JU-ON: Origin is yet again another expansion of the famous Ju-On/The Grudge franchise. It’s a Japanese horror series, starring Yoshiyoshi Arakawa, Yuina Kuroshima, Ririka, Koki Osamura and others.

Same old, same old

JU-ON: Origins consists of several stories intertwined with each other, as is the norm with this franchise. We have Haruka and her boyfriend Tetsuya who are scared due to sounds in their house. On the other hand, there’s Kiyoma who belongs to an abusive home. She befriends two girls who eventually betray her. And we have paranormal researcher Yasuo, who is approached by Haruka for advice regarding her problem.

The series tries really hard to create tension and scares. There are jump-scares scattered all over the place, creepy atmospheres, a ghost (we’ll get to that in a bit), and people looking very scared when they look at said ghost. However, inspite of all the “traditional” elements present, the series does not provide any sort of scares whatsoever. Incidents and murders happen all of a sudden, but there are no explanations as to what is going on. Most of them will take you by surprise, but not in a good way. You’ll look at the screen confused, wondering what the heck just happened.

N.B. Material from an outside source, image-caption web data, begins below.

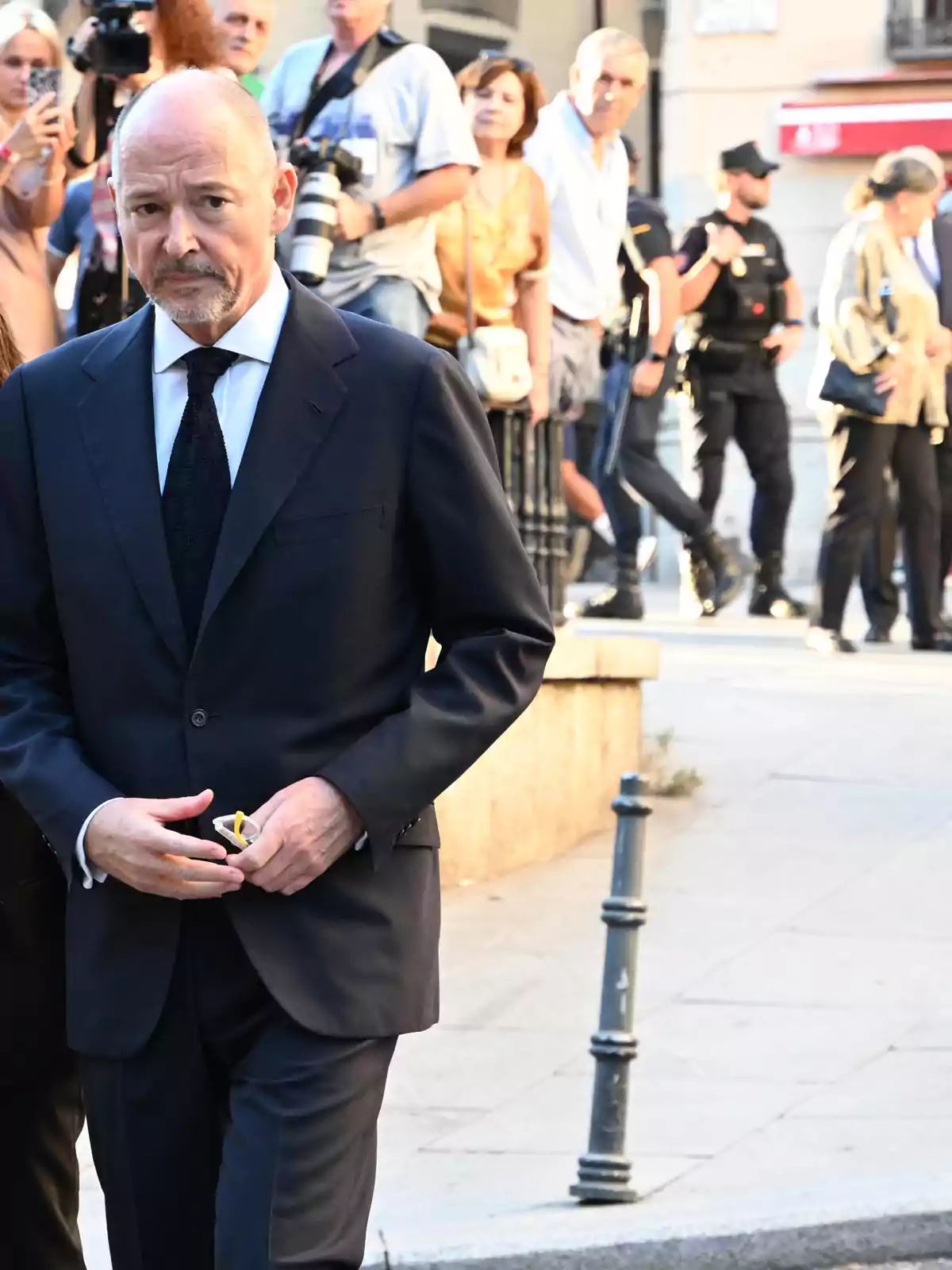 Hombre calvo con barba vestido con traje oscuro y corbata negra caminando por la calle mientras varias personas y fotógrafos están al fondo Hombre calvo con barba vestido con traje oscuro y corbata negra caminando por la calle mientras varias personas y fotógrafos están al fondo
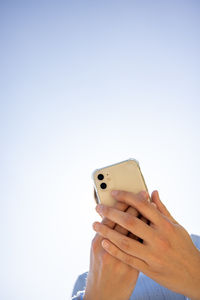 Cropped hands of woman using mobile phone against clear sky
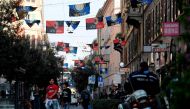 Flags of Italian football clubs Inter Milan and AC Milan are hanged in the Paolo Sarpi street, a chinese neighborhood of Milan, on October 13, 2017.  AFP / MIGUEL MEDINA
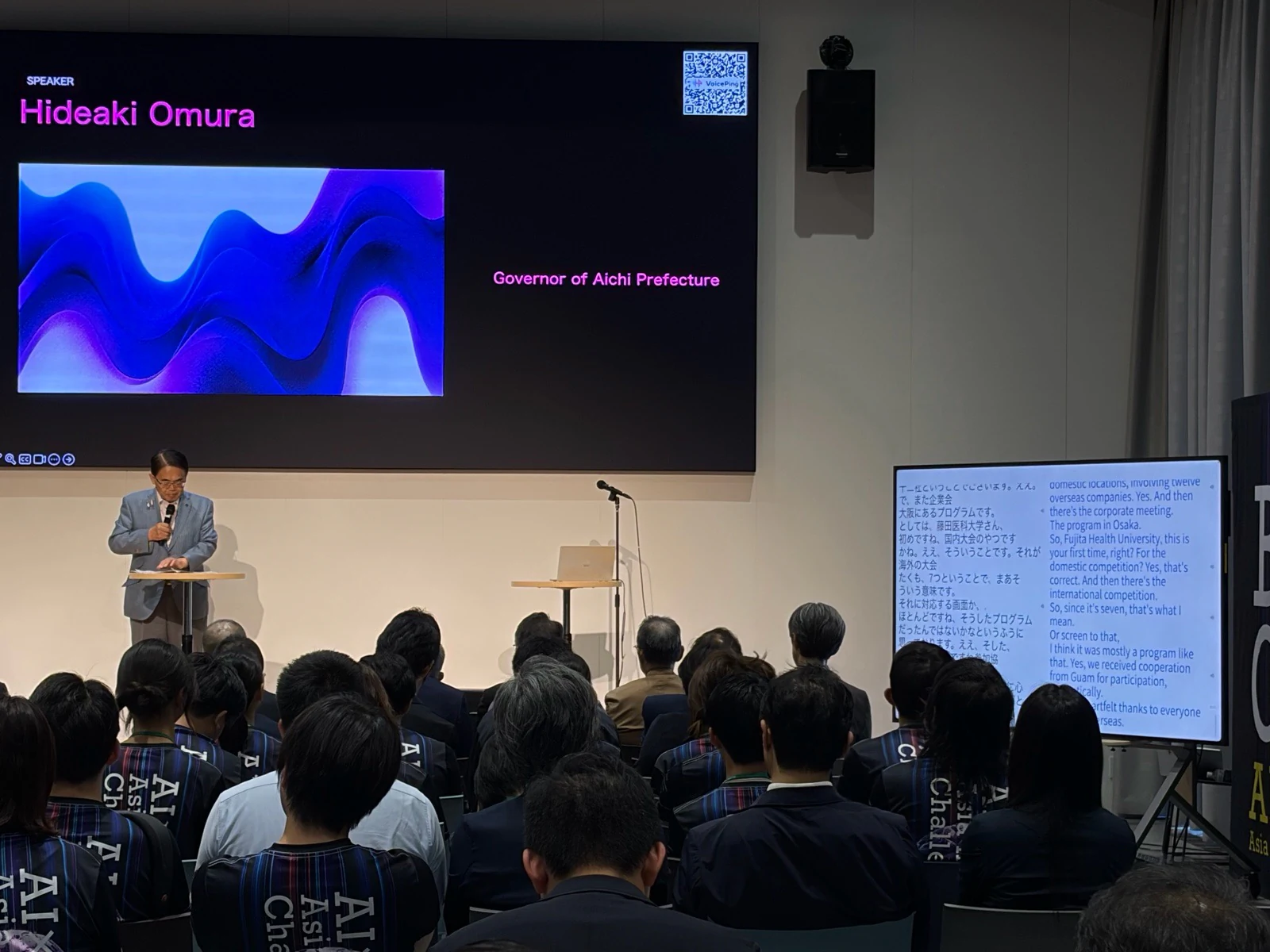 Aichi Prefecture Governor Hideaki Omura speaking at AI×MedTech, with a VoicePing QR code on the main screen and Japanese–English live captions on a side display.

People just murder each other left, right and centre, but instead of being scared to death, I laughed out loud. It’s just not scary. The murders are cringy at most. However, if you’re a fan of gore, then it might be fun for you. There are some good practical effects that make these scenes bearable.

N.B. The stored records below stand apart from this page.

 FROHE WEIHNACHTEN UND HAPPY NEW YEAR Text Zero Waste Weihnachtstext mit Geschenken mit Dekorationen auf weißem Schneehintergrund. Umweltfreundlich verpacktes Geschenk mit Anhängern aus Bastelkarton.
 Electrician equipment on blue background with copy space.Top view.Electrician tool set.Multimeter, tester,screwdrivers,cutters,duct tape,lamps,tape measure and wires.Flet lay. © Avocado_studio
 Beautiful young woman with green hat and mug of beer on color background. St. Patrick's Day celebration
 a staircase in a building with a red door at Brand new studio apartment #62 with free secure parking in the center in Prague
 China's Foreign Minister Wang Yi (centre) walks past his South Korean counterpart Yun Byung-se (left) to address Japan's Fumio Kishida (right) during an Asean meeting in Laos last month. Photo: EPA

There’s a scene in episode 4 involving a foetus and, well, a mouth. It was so hilarious and cringy that I couldn’t stop laughing. That’s not the kind of reaction you’d expect from a horror series.

To ghost or not to ghost

I have seen some bad ghosts in my pursuit of good horror shows, but my god. JU-ON: Origins takes the cake. The ghost here is a woman, obviously, who is absolutely normal-looking, wearing a white dress, obviously, and carrying a bundle (?). People scream looking at her like they are staring at their evil doppelganger. These are times when I miss Kayako. I miss that backstory. I miss everything about it. These JU-ON spawns are so bad, that they can neither create tension, not scares.

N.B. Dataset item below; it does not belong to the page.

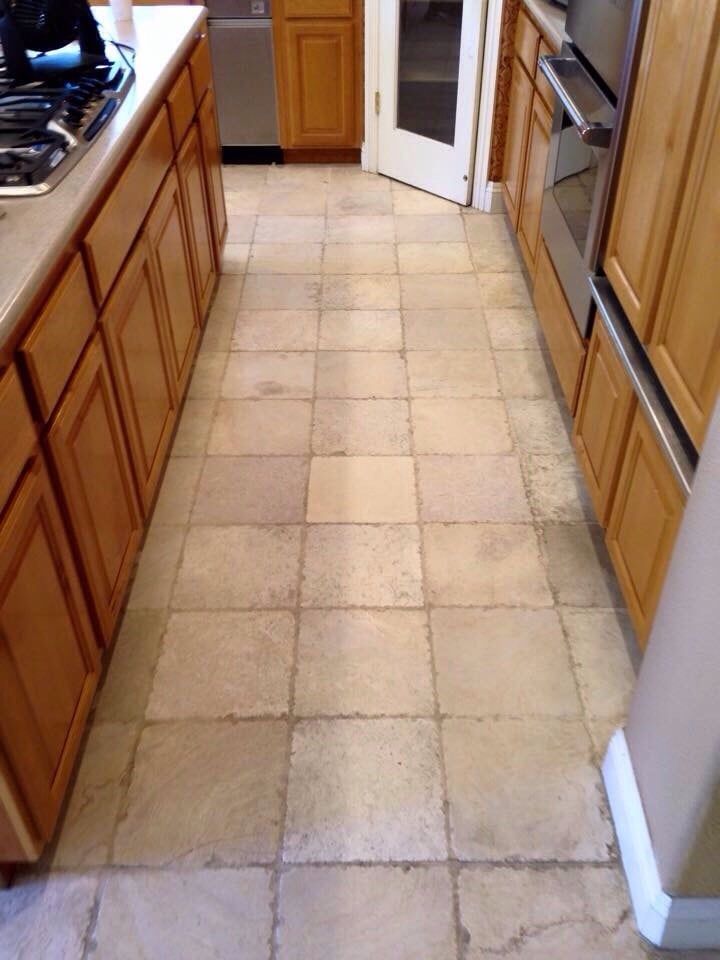 A kitchen with a tiled floor and wooden cabinets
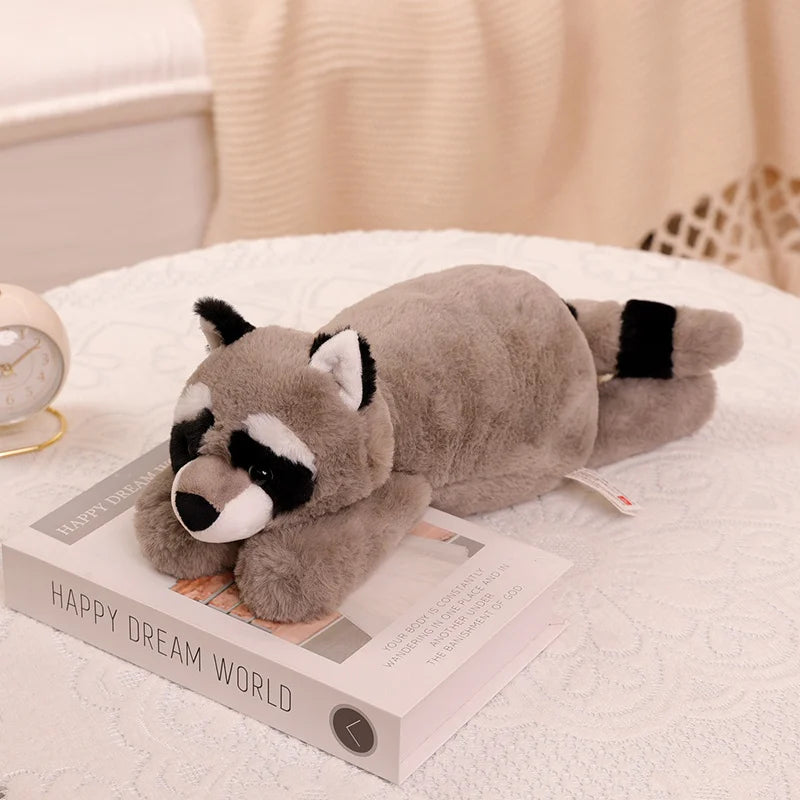 Découvrez le doudou géant raton laveur XL - STIVY, une peluche grise au regard malicieux. Disponible en trois tailles (45/60/70 cm Image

The last two episodes are where all the characters, past and present, spill over and join each other. However, the episodes, which should have made you go, “wow!” just makes you go, “eh?”. There’s Tetsuya’s mother, who’s a psychic, who comes and goes and does “psychic things” but her role is so unnecessary that her actions, although should create tension, is just another scene. All the stories, moreover, are supposed to be connected. However, the links between all of them are quite flimsy, and does not hold the story together well. And definitely does not scare.

Oh, by the way, visions are now a part as well. And they are equally bad and just feel lazy.

You can’t just use a franchise, which has the potential to rake in money, and use it to create the same thing over and over again. If there’s nothing new that you can bring to the table, then maybe it’s time to give it a rest.

Summing up: JU-ON: Origins

I had mentioned this at the time of the 2020 The Grudge as well. There’s a limit to cash grabs. There are two shows (one movie, and a TV show) that came out the same year, within 6 months of each other, that focuses on the same thing. The way studios are using the tried and tested formula to make a quick buck is honestly shameful. I said this before, and I’ll say it again: Please give the Ju-On franchise a break. It has been too long.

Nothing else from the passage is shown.